Attraktives Bewertungsniveau
Die fundamentalen Argumente für ein Investment in den Schwellenländern sind ohnehin schon überzeugend - ganz gleich, welchen Maßstab man zugrunde legt. Was Investments in diesen Ländern gegenwärtig aber noch attraktiver macht, ist das Bewertungsniveau.
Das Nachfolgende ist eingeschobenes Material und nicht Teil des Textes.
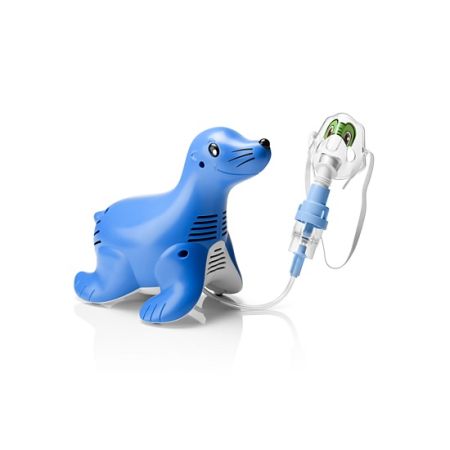 Nebulizator Sami The Seal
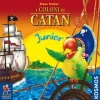 I Coloni di Catan Junior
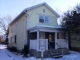 451 Hickory St Peckville, PA 18452 - Image 11128991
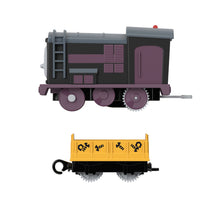 Load image into Gallery viewer, DIESEL
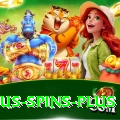 free slot games with bonus spins Live Turbo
Trotz robuster Wachstumsaussichten und solider Bilanzen werden Aktien aus Schwellenländern derzeit mit einem Bewertungsabschlag von 15% gegenüber Dividendentiteln aus Industrieländern gehandelt.

"Historisch betrachtet ist das Bewertungsniveau von Aktien niedrig, und das erwartete Gewinnwachstum kann sich sehen lassen," meint Pals. "Bisher bedeutete ein Kurs-Gewinn-Verhältnis (KGV) von weniger als 10 (auf Basis der Gewinnschätzungen für die nächsten 12 Monate), dass die Voraussetzungen für einen Einstieg in den Aktienmarkt günstig sind." Derzeit beträgt das KGV für Aktien aus Schwellenländern 9,8 (ausgehend von den prognostizierten Gewinnen für 2012).

Zu den bevorzugten Ländern gehören Korea und China
Welche Länder bevorzugt Pals aktuell? "Generell haben wir eine Vorliebe für Aktienmärkte, die billig sind, die über gute makroökonomische Rahmenbedingungen verfügen und in denen es auch auf Unternehmensebene positive Impulse gibt," erklärt Pals. "Märkte mit niedrigem Bewertungsniveau dürften sich positiv entwickeln. Deshalb sind wir in Korea, China, Russland und der Türkei übergewichtet."